Rather than using the relational operators, we can simply check if the sum of array elements i and j are in the specified range.
def get_numOfPairs(array, start, stop):
num_of_pairs = 0
array_length = len(array)
for i in range(array_length):
for j in range(i+1, array_length):
if sum([array[i], array[j]]) in range(start, stop):
num_of_pairs += 1
return num_of_pairs
I have a solution(actually 2 solutions ;-)). Writing it in python:
def find_count(input_list, min, max):
count = 0
range_diff = max - min
for i in range(len(input_list)):
if input_list[i]*2 >= min and input_list[i]*2 <= max:
count += 1
for j in range(i+1, len(input_list)):
input_sum = input_list[i] + input_list[j]
if input_sum >= min and input_sum <= max:
count += 2
This will run nCr(n combinations) times to the max and gives you the required count. This will be better than sorting the list and then finding the pairs in a range.

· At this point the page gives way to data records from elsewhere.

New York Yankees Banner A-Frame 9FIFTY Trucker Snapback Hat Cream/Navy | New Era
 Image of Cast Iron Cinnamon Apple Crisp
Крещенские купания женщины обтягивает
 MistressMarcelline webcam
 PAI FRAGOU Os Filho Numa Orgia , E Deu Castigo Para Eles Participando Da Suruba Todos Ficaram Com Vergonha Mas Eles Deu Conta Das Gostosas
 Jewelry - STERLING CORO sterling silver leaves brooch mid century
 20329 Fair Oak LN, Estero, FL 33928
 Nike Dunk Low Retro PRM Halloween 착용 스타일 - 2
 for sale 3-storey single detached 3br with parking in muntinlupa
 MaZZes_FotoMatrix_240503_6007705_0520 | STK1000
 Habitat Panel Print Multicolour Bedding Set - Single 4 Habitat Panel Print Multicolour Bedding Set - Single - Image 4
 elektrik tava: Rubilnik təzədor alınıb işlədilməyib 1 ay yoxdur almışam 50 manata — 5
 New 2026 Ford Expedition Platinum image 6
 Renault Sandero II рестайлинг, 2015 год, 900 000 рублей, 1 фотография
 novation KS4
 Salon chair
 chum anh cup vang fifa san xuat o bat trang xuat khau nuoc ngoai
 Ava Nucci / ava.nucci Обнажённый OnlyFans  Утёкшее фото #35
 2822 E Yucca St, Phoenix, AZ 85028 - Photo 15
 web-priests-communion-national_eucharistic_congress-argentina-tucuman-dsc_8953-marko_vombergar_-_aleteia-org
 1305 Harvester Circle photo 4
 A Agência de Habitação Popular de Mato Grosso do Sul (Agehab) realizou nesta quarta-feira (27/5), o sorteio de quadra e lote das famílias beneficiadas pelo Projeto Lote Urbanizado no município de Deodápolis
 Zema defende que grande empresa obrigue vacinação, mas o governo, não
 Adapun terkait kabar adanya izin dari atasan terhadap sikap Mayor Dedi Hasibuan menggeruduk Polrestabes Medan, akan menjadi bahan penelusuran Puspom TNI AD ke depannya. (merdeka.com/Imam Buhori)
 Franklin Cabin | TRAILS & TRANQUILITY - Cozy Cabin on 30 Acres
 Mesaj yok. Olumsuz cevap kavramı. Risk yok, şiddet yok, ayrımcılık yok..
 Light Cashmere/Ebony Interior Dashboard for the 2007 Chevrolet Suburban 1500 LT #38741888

If the number of elements that fail the combination is greater as well as all the numbers are positive integers, we can improve the result a little better by adding a condition that checks the elements for,
Something like this:
# list_maximum is the maximum number of the list (i.e) max(input_list), if already known
def find_count(input_list, min, max, list_maximum):
count = 0
range_diff = max - min
for i in range(len(input_list)):
if input_list[i] > max or input_list[i] + list_maximum < min:
continue
if input_list[i]*2 >= min and input_list[i]*2 <= max:
count += 1
for j in range(i+1, len(input_list)):
input_sum = input_list[i] + input_list[j]
if input_sum >= min and input_sum <= max:
count += 2
I will also be happy to learn any better solution than this :-) If i come across one, I will update this answer.
With some constraints on the data we can solve problem in linear time (sorry for Java, I'm not very proficient with Python):
public class Program {
public static void main(String[] args) {
test(new int[]{-2, -1, 0, 1, 3, -3}, -1, 2);
test(new int[]{100,200,300}, 300, 300);
test(new int[]{100}, 1, 1000);
test(new int[]{-1, 0, 0, 0, 1, 1, 1000}, -1, 2);
}
public static int countPairs(int[] input, int a, int b) {
int min = Integer.MAX_VALUE;
int max = Integer.MIN_VALUE;
for (int el : input) {
max = Math.max(max, el);
min = Math.min(min, el);
}
int d = max - min + 1; // "Diameter" of the array
// Build naive hash-map of input: Map all elements to range [0; d]
int[] lookup = new int[d];
for (int el : input) {
lookup[el - min]++;
}
// a and b also needs to be adjusted
int a1 = a - min;
int b1 = b - min;
int[] counts = lookup; // Just rename
// i-th element contain count of lookup elements in range [0; i]
for (int i = 1; i < counts.length; ++i) {
counts[i] += counts[i - 1];
}
int res = 0;
for (int el : input) {
int lo = a1 - el; // el2 >= lo
int hi = b1 - el; // el2 <= hi
lo = Math.max(lo, 0);
hi = Math.min(hi, d - 1);
if (lo <= hi) {
res += counts[hi];
if (lo > 0) {
res -= counts[lo - 1];
}
}
// Exclude pair with same element
if (a <= 2*el && 2*el <= b) {
--res;
}
}
// Calculated pairs are ordered, divide by 2
return res / 2;
}
public static int naive(int[] ar, int a, int b) {
int res = 0;
for (int i = 0; i < ar.length; ++i) {
for (int j = i + 1; j < ar.length; ++j) {
int sum = ar[i] + ar[j];
if (a <= sum && sum <= b) {
++res;
}
}
}
return res;
}
private static void test(int[] input, int a, int b) {
int naiveSol = naive(input, a, b);
int optimizedSol = countPairs(input, a, b);
if (naiveSol != optimizedSol) {
System.out.println("Problem!!!");
}
}
}
For each element of the array we know the range in which second element of the pair can lay. Core of this algorithm is giving the count of elements in range [a; b] in O(1) time.
Resulting complexity is O(max(N, D)), where D is difference between max and min elements of the array. If this value is same order as N - complexity is O(N).
Notes:
if (a <= 2*el && 2*el <= b)
is required because algorithm always counts pairs (a[i],a[i])Another linear algorithm would be radix sort + linear pair counting.
EDIT. This algorithm can be really good in case if D is considerably smaller than N and you are not allowed to modify the input array. Alternative option for this case would be slightly modified counting sort with allocation of counts array (additional O(D) memory) but without populating sorted elements back to input array. It's possible to adapt pair counting to use counts array instead of full sorted array.